What is required:
The response should be an exact transcription of the data below, free of images.

Given data:
⁂
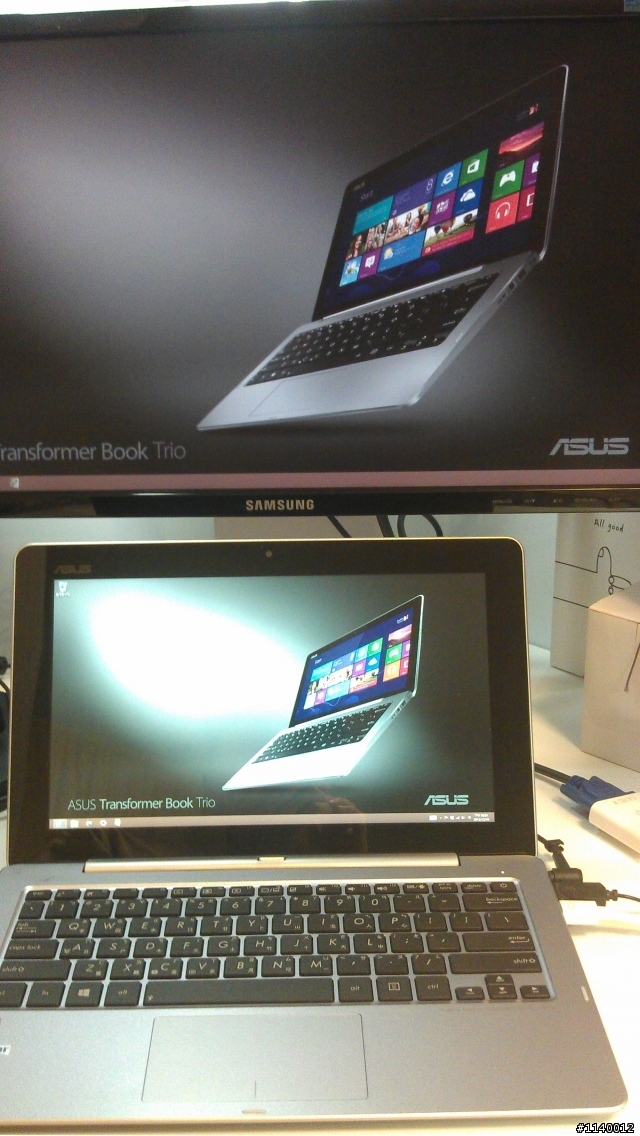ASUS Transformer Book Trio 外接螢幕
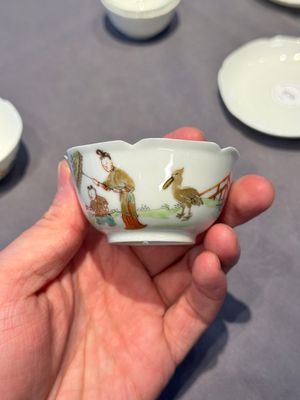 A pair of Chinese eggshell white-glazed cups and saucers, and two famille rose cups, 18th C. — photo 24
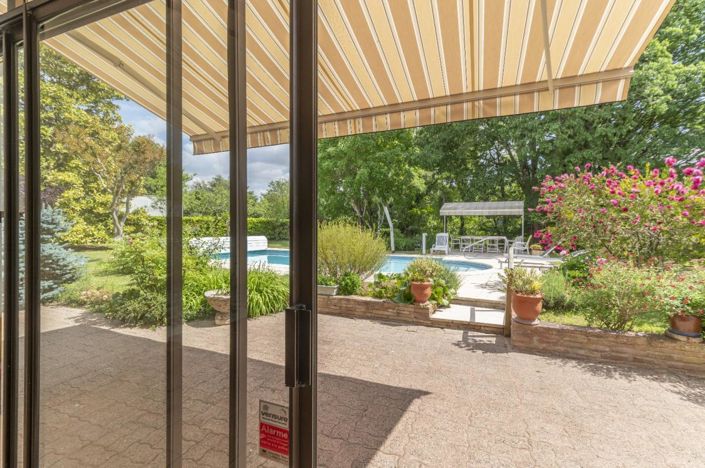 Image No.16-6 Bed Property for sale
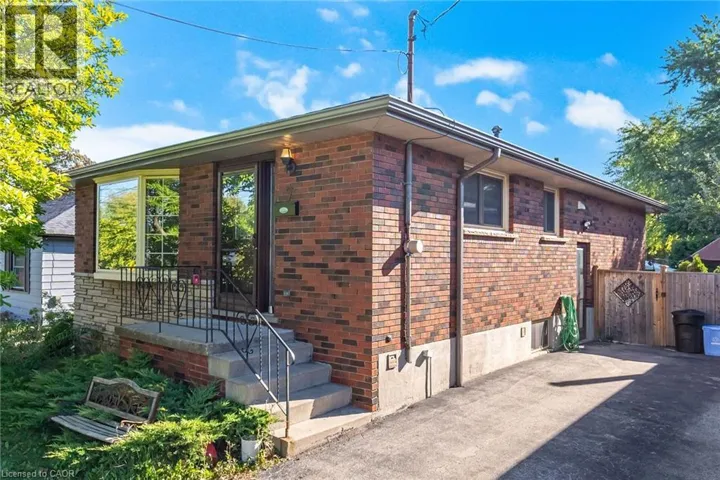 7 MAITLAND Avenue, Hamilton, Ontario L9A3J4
⁂
Exercise result:
ASUS Transformer Book Trio 外接螢幕
 A pair of Chinese eggshell white-glazed cups and saucers, and two famille rose cups, 18th C. — photo 24
 Image No.16-6 Bed Property for sale
 7 MAITLAND Avenue, Hamilton, Ontario L9A3J4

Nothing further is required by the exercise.